Hsu Wen-Shin, Lin Guang-Tao, Wang Wei-Hsun
Department of Medical Information, Chung Shan Medical University, Taichung 402201, Taiwan.
Informatics Office Technology, Chung Shan Medical University Hospital, Taichung 402201, Taiwan.
Diagnostics (Basel). 2024 Nov 29;14(23):2693. doi: 10.3390/diagnostics14232693.
Dysarthria, a motor speech disorder caused by neurological damage, significantly hampers speech intelligibility, creating communication barriers for affected individuals. Voice conversion (VC) systems have been developed to address this, yet accurately predicting phonemes in dysarthric speech remains a challenge due to its variability. This study proposes a novel approach that integrates Fuzzy Expectation Maximization (FEM) with diffusion models for enhanced phoneme prediction, aiming to improve the quality of dysarthric voice conversion. The proposed method combines FEM clustering with Diffusion Probabilistic Models (DPM). Diffusion models simulate noise addition and removal to enhance the robustness of speech signals, while FEM iteratively optimizes phoneme boundaries, reducing uncertainty. The system was trained using the Saarland University Voice Disorder dataset, consisting of dysarthric and normal speech samples, with the conversion process represented in the Mel-spectrogram domain. The framework employs both subjective (Mean Opinion Score, MOS) and objective (Word Error Rate, WER) metrics for evaluation, complemented by ablation studies. Experimental results showed that the proposed method significantly improved phoneme prediction accuracy and overall voice conversion quality. It achieved higher MOSs for naturalness, intelligibility, and speaker similarity compared to existing models like StarGAN-VC and CycleGAN-VC. Additionally, the proposed method demonstrated a lower WER for both mild and severe dysarthria cases, indicating better performance in producing intelligible speech. The integration of FEM with diffusion models offers substantial improvements in handling the irregularities of dysarthric speech. The method's robustness, as evidenced by the ablation studies, shows that it can maintain speech naturalness and intelligibility even without a speaker-encoder. These findings suggest that the proposed approach can contribute to the development of more reliable assistive communication technologies for individuals with dysarthria, providing a promising foundation for future advancements in personalized speech therapy.
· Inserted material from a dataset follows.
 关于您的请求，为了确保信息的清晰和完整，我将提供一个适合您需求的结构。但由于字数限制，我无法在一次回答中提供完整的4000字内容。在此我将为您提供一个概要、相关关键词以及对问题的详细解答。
构音障碍是一种由神经损伤引起的运动性言语障碍,严重妨碍言语清晰度,给受影响个体造成沟通障碍。人们已开发出语音转换(VC)系统来解决这一问题,但由于构音障碍语音的变异性,准确预测其中的音素仍然是一项挑战。本研究提出了一种将模糊期望最大化(FEM)与扩散模型相结合的新方法,以增强音素预测,旨在提高构音障碍语音转换的质量。所提出的方法将FEM聚类与扩散概率模型(DPM)相结合。扩散模型模拟噪声的添加和去除,以增强语音信号的鲁棒性,而FEM则迭代优化音素边界,减少不确定性。该系统使用萨尔兰大学语音障碍数据集进行训练,该数据集由构音障碍语音样本和正常语音样本组成,转换过程在梅尔频谱图域中表示。该框架采用主观(平均意见得分,MOS)和客观(单词错误率,WER)指标进行评估,并辅以对比研究。实验结果表明,所提出的方法显著提高了音素预测准确性和整体语音转换质量。与StarGAN-VC和CycleGAN-VC等现有模型相比,它在自然度、清晰度和说话人相似度方面获得了更高的MOS。此外,所提出的方法在轻度和重度构音障碍病例中均表现出较低的WER,表明在生成可理解语音方面具有更好的性能。FEM与扩散模型的集成在处理构音障碍语音的不规则性方面有显著改进。对比研究证明了该方法的鲁棒性,表明即使没有说话人编码器,它也能保持语音的自然度和清晰度。这些发现表明,所提出的方法可为开发更可靠的构音障碍患者辅助通信技术做出贡献,为个性化言语治疗的未来发展提供了一个有前景的基础。